Bhaskar Bhowmick: Startups need to set new expectations and ask for expectations from team members and other stakeholders on aspects of communication, availability, task allocation, and approachability. They will have to ensure daily secured and inspiring discussions with our team, so they don’t feel lost and stay charged-up, especially when it’s new for most people to work alone amid a worldwide uncertainty of a pandemic. Startups must also use disciplined weekly reviews of employee morales and state of mind along with tasks and deadlines.
They also need to communicate how they are simplifying services to make them available online to customers. The focus should be on saving time, cost and effort for customers and analysing how they can feel secure with online transactions with your organization.
Keeping customers informed will reduce insecurity and establish trust with vendors, which will ensure they always stand by you. Startups should use video chats to connect on a deeper level than phone alone. This way, they will gain a better understanding of feelings, expressions, body language, etc, which will build better rapport daily.
Each crisis provides an opportunity to revamp the organization’s strategies, policies and tactics.
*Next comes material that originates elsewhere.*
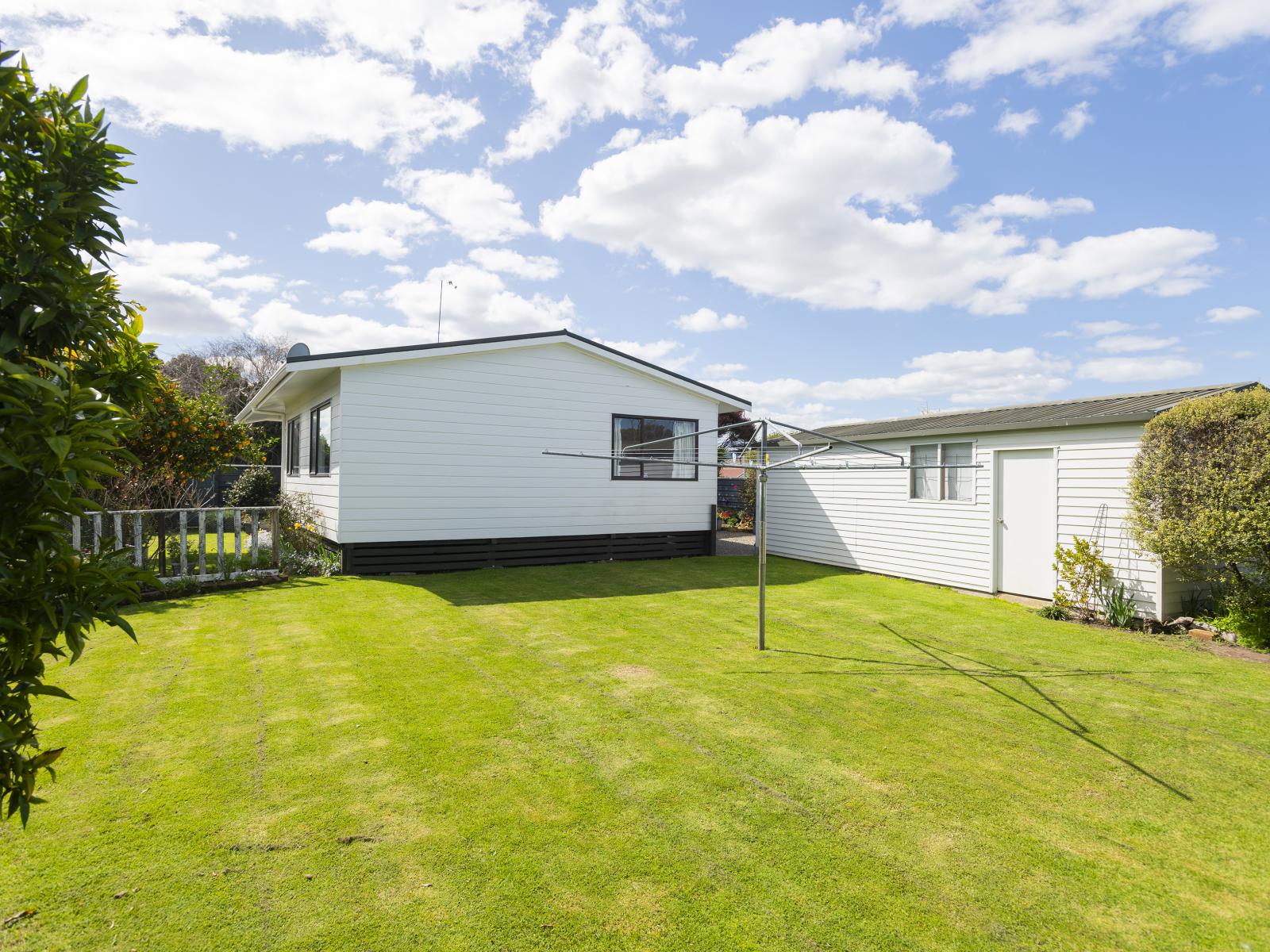 48 Andrew street, Elgin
This plan only evolves with regular review and taking suggestions from each stakeholder.
Prof Bhowmick is presently working as Faculty in Rajendra Mishra School of Engineering Entrepreneurship, IIT Kharagpur. He teaches Strategy, TechnoEntrepreneurship, and Business Models. He is visiting other intuitions like XLRI Jamshedpur, IMI, Kolkata, and IIM Raipur. He has published in many noted international journals, presented papers in international conferences and contributed to book chapters. He is also handling few important projects for incubation and funding of Government of India at IIT Kharagpur. Prof. Bhowmick has completed Fellow from Indian Institute of Management, Ahmedabad (IIMA) in Business Policy area in2012. He is also an alumnus of Indian Institute of Management, Calcutta (IIMC) and got certificate for Program for Development of Strategic Skills in 2006. He has completed his management degree (MBA) from University of Burdwan in 1992. Prof Bhowmick has completed his bachelor degree with Physics (Hons) from Calcutta University in 1989.
Prof. Bhowmick has industry experience of working 13 years in the industry for product development, marketing, and managing businesses. He has experience of entrepreneurship in launching small units within the multinational company folders. He has initiated launching personal care product division of Parle Products limited. He initiated establishing the business of synthetic threads of Lohia Group. He launched the consumer division of United Phosphorous limited in eastern India. In dealing with five companies during those years he has experienced independently handling distribution channels, managing regional offices, and recruitment of people.